After Monday’s WWDC 2022 keynote, I had a chance to get some limited hands-on time with the new MacBook Air. It wasn’t a lot of time, so I focused mostly on the new physical design and how the system looked and felt.
The M1 MacBook Air, one of the first sets of Macs to move from Intel to Apple Silicon, is not a bad-looking machine, but it’s based on a design that launched in 2018, which is approximately forever ago in computer terms. The new version moves from the traditional soft, tapered design to the boxier, blockier look of the 14- and 16-inch MacBook Pro laptops from late 2021. It’s a more modern, more constructivist design, in that it largely rejects decorative stylization.
But the new MacBook Air goes beyond the Pro models it copies in one important respect: It adds a new color to the usual gray and silver (and the M1 Air’s gold) — a new Midnight color, which appears as a matte-black finish. It’s hands-down the most striking new MacBook look in a long time, and reminds me of the old matte-black polycarbonate MacBooks of the mid-2000s.
Its footprint is a hair smaller than before, as is the weight, at 2.7 pounds versus 2.8 pounds for the M1 MacBook Air. But the new model felt even smaller and more portable than that when I picked it up — largely because it’s thinner, at 11.3mm. The M1 version tapers down, but it measures 16mm at the rear hinge.
The new M2 MacBook Air isn’t going on sale until July, so it may be some time before I’m able to give it a more in-depth, hands-on testing. I’m especially eager to see how its 1080p-resolution webcam works, which is probably the single most important upgrade for a lot of people who’ve tired of the never-great 720p webcam in previous MacBook Air laptops, up to and including the M1 version.
I’m also very interested in spending more time with the new, slightly larger 13.6-inch screen (versus 13.3-inch), which Apple says is 25% brighter, at 500 nits. It also adds MagSafe, which returned in last year’s new MacBook Pro systems, and its touchpad is, according to Apple, slightly larger, but it wouldn’t put a number or percentage on it.

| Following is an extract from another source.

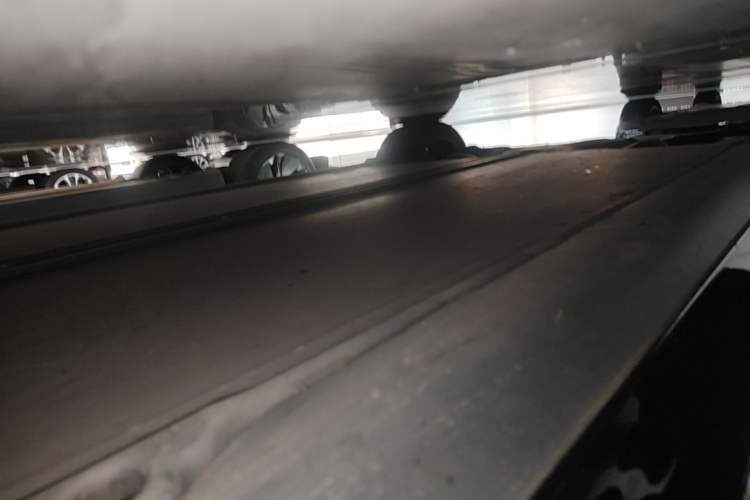 Used Tesla Model 3 2022 Rear-Wheel-Drive Version Right Side Sill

Interestingly, almost none of these improvements are available in the new 13-inch MacBook Pro, also announced at WWDC 2022. It lacks the larger screen, better camera, MagSafe connection and new colors. It’s, on paper at least, the exact same as the late-2020 13-inch MacBook Pro, just with the new M2 chip replacing the M1. It does, however, remain the only way to get your hands (or fingers) on the nearly extinct Touch Bar.